6.12.07

i will give up this house also, and his shape




geographical imaginations


Music produces space. Statement of the obvious, I know, but music plays a unique, often hidden, and sensuous role in place making, both physical and thematic. Get Lonely, of course, is about getting lost, and the very meaning of loneliness is spatial. As such, above all it is a music of place, of empty, lonely places. On this album space is a much a metaphor as a an actual lived landscape - spatialised, physical motifs and allusions abound throughout the album, so that John Darnielle might build up walls in which to lose himself, or trace a dreamlike (un)making of places that sound experienced and yet not quite there anymore.

Because space is as much about time as it is about place, and most of the scenes here seem like those from the past, always just behind us - that's slightly depressing, if somewhat relieving too. They are oddly detached tableaux, like we were looking at poorly projected super 8 stills scratched and dark. Yet still meticulously detailed. Building the most affective of occupied moments from the smallest suggestions, metonyms of a distinct geography of alienation, erasure and darkness. Dark highways "where unlucky stray dogs bleed"; hidden flowers on hillsides no one ever sees; half-light, empty streets; empty houses, morning chilled. So many empty houses, often in early morning, all closed in, looking out at winter weather.

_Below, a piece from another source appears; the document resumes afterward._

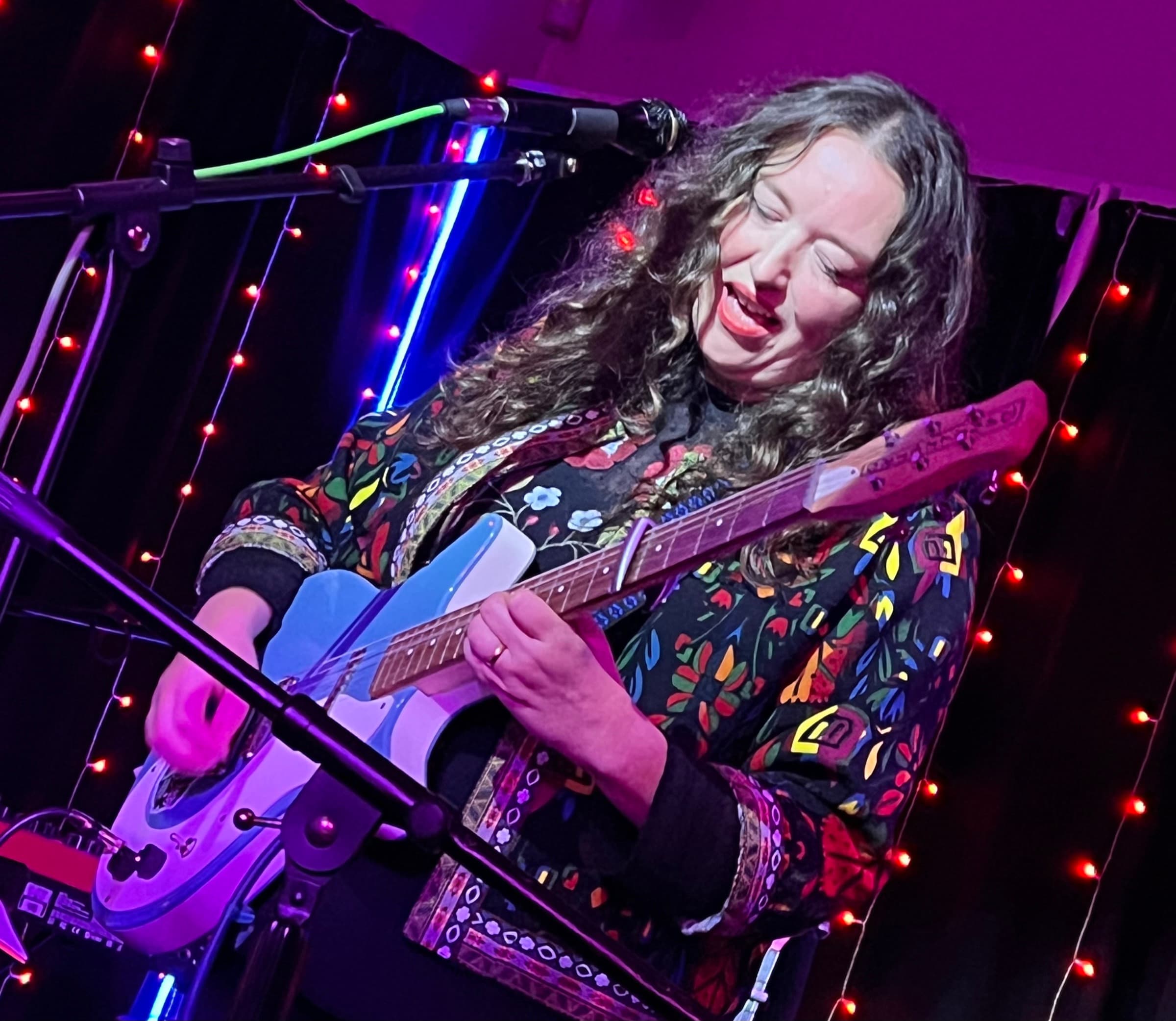 Kathryn Williams: a guitarist with long dark curls playing a pale blue electric guitar under pink light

Musically, the album eschews Darnielle's trademark frantic strumming that whacked around on The Sunset Tree, in favour of quieter band arrangements and even quieter string sections, at moments approaching the sepia-tones of Sodastream's softer work. The music is at times languid, lethargic even. The aural sense of a dark, stunted loss at the centre of the record.

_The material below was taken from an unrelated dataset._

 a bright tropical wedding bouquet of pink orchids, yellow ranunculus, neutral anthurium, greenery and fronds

The beginning drum pattern and steel shakes of New Monster Avenue remind me hugely of Grand Salvo, an artist who with the same sort of instrumentation seems to evoke a dusty, Australian desert. Here, however, these steely frames seem to produce nothing but an empty house: "shadows on the broad, canopy of trees / sometime after midnight, the ground is gonna freeze". Starkly insulated, there is no one here, even when people are there - the title track:
"I will rise up early and dress myself up nice
and I will leave the house and check the deadlock twice.
and I will find a crowd and blend in for a minute
and I will try to find a little comfort in it.
and I will get lonely and gasp for air.
and send your name up from my lips like a signal flare.
and I will go downtown, stand in the shadows of the buildings
and button up my coat, trying to stay strong, spirit willing.
and I will come back home, maybe call some friends,
maybe paint some pictures,
it all depends.
and I will get lonely and gasp for air.
and look up at the high windows, and see your face up there."

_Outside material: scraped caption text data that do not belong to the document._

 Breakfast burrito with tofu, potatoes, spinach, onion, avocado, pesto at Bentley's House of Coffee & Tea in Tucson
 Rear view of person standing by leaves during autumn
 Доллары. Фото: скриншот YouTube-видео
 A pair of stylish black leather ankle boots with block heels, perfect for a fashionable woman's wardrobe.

The sense of territory here is constantly uplifted, as Darnielle takes sad, slow migratory movements across and within each track, drifting through settings that never seem to settle (him). Not that it's so much a journey - one of the most affecting realisations of Get Lonely is that there is truly no narrative here, only incremental stumbles into different places, none more resolved than the last. A wandering, vagrant suspension in somewhere (nowhere?), lost and cold, frozen emotions.

Moon Over Goldsboro: "I lay down in the weeds, it was a real cold night / I was happy until the overnight attendant switched on the floodlight" - light as pain - all shades and shadows hurt here. "Frost on the sidewalk, white as a bone / Tried to get close to you again, always wake up alone". Ghosts.

"I turned my face away and I shut my eyes tight
and dreamed about the flowers that hide from the light on dark hillsides
in the hidden places."
From In the Hidden Places, an image that almost captures (and capture is the right word here) the kind of place Get Lonely takes you to, a harsh and hard place to be, one you only escape when the cd clicks off twelves songs later after In Corolla, where Darnielle and we finally disappear into the water's vertical horizon.


The Mountain Goats - Get Lonely

1 riffs:

Eleanor said...

This is such an incredibly beautiful piece, Lawson.. and although I'm not properly acquainted with Darnielle's lyricism (and quite possibly not qualified to say anything, yet again), I know what it is to draw and be drawn to such musical imaginings. It becomes that very distinct geographical landscape when the listener retreats to their imagination. While the landscape you paint here is so lonely and so desolate, it is still that beautiful and that fascinating. Similarly with my visual impression of Queen's early music - although I find their mythological landscapes just so breathtaking, there will always be that feeling of loneliness.. because as much as I can render such a vivid impression of this music and everything associated with it, no one else can see what I see and no one else can feel what I feel.